Ma la nota più dolente di tutte è il contenitore. La Fiera di Roma è un luogo orripilante. Pensato incredibilmente male e ridotto parecchio peggio. Un immobile costato una cifra astronomica (si dice 350 milioni di euro) appena nel 2006 (dunque ha la stessa età della Fiera di Milano), per di più in un’area apparentemente inadatta e instabile dal punto di vista idrogeologico. La Fiera è lontana dai parcheggi e dalla fermata del treno regionale, ma soprattutto i collegamenti pedonali hanno numerosi passaggi scoperti alla pioggia. Fatiscenza infrastrutturale ovunque. E poi il solito tripudio di esercenti gastronomici, con quelli permanenti costosi e scarsi nella qualità: basta che la gente “magni”. Degrado nella manutenzione del verde, dell’illuminazione, dei servizi igienici, nell’accessibilità. Percorsi di visita confusi, mal segnalati, mal serviti, con scale mobili non sempre funzionanti. Veramente una visione spiacevole e un’esperienza ancor peggiore.
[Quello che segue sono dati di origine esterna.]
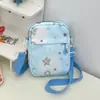 Bolso bandolera de estilo coreano, fresco y lindo, con estampado de estrellas para niñas, perfecto para salir, con un diseño elegante y atractivo, y un compartimento para teléfono de alta calidad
“Le fiere andrebbero comunque ulteriormente attualizzate, riempite di contenuti: è necessario creare occasioni di ispessimento e articolazione dell’occasione di incontro”.
Come può la Capitale d’Italia, un Paese di venditori, e Roma, la città dal turismo e dal fascino eterno, essere così scadente nell’offerta fieristica? Al di là di quanto il prodotto promozionale e commerciale “fiera” possa essere ancora attuale. E non penso solo a quella del fumetto, ma a ogni genere di fiera. Non c’è dubbio che il digitale abbia accorciato le distanze tra offerta e domanda, e che sia facilissimo ormai raggiungersi. Pertanto sono fondamentali i momenti di materializzazione. Ma le fiere andrebbero comunque ulteriormente attualizzate, riempite di contenuti: è necessario creare occasioni di ispessimento e articolazione dell’occasione di incontro. Mentre il contenitore Fiera di Roma necessiterebbe non solo di un recupero conservativo, estetico, ma anche funzionale.
La città è in una spirale negativa da cui non solo non mostra segni di emersione, ma che ha tra i suoi tratti più inquietanti che i romani se ne stanno assuefacendo.